人間関係学部 人間関係学科 社会・臨床心理学専攻

堀 洋元 准教授

2022/09/06

研究者として目標になる先生方と出会い、新しい分野に飛び込む

――研究分野について教えてください。

災害心理学という分野で研究を進めています。災害心理学は応用心理学の一つで、自然災害や人為災害に対する人間の心理的な反応や行動など、災害と人間心理の関係を研究するものです。この研究の目的は、災害の予防や人的要因による二次被害の防止です。例えば、避難所でプライバシーを保てず苦痛を感じるのは、他者との対人距離が確保できていないことが要因です。苦痛を和らげるために、周りからの視線を遮断するパーティションを設置するという対応が、災害心理学による解決策です。
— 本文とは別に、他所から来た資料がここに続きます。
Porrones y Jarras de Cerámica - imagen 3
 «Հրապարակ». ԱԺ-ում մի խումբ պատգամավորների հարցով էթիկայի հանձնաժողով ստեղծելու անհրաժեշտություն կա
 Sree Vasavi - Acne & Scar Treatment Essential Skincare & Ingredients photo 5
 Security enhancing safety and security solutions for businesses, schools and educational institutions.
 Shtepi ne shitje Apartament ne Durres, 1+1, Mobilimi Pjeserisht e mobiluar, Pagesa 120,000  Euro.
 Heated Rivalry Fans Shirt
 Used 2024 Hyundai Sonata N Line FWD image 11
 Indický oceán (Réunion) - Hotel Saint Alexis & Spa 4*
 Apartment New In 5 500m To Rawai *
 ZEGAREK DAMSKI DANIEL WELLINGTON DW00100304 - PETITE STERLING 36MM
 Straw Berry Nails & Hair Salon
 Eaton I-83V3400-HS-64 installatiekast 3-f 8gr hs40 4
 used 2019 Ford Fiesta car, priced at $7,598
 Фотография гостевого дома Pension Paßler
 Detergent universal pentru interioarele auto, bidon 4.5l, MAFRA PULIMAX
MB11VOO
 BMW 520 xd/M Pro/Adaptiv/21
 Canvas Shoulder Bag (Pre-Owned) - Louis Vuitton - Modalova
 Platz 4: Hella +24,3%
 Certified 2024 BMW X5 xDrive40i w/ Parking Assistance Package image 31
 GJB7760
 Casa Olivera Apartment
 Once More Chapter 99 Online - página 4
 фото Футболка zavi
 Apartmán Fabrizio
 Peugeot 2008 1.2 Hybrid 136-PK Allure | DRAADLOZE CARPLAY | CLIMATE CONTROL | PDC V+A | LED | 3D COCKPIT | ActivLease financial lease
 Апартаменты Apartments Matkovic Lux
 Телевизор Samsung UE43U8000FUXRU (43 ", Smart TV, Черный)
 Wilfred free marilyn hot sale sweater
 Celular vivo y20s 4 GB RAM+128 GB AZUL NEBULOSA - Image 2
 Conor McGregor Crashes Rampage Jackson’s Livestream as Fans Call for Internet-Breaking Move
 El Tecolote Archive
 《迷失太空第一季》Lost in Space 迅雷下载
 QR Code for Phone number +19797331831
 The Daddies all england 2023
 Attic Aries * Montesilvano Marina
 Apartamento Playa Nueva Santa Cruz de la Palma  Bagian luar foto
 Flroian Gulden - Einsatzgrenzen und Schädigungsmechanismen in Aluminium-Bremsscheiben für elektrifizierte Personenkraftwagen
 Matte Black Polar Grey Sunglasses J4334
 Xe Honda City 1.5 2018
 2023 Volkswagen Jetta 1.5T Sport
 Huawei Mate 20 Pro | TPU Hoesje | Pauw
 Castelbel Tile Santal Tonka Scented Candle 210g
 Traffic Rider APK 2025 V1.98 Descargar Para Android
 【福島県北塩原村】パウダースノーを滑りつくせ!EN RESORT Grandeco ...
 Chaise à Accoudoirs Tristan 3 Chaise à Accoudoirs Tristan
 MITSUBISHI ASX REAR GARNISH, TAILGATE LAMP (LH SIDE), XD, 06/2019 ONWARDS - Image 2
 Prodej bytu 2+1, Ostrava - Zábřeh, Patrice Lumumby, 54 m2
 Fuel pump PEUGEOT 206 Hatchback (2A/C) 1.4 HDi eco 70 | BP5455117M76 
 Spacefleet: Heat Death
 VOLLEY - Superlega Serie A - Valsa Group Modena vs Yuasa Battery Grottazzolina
――心理学の中でも新しい研究分野である災害心理学。取り組みのきっかけを教えてください。

この分野の研究が大きく発展していったのは、1995年の阪神・淡路大震災以降です。ちょうどその頃、私は大学で研究した「災害時の心理」をさらに深めるため、大学院に進学していました。その後、「広域災害における避難所運営訓練プログラム(STEP)」を開発した先生方に声をかけていただき、共同研究に参画。研究者として目標になる先生方と共に研究する貴重な機会でもあったと思います。
その当時、実際の災害現場や避難所などでインタビューする調査手法は初めての経験でした。実践研究として目の前の人の声を聞く重要度を肌で感じたことを覚えています。また、研究を積み重ねるにつれて、知見を得るだけでなく、地域の特色や町を知ることの面白さも感じるようになっていきました。神戸、東京、新潟などの避難所や自主防災組織への聞き取り調査では、それぞれの地域の様子が浮かび上がってきたことが印象に残っています。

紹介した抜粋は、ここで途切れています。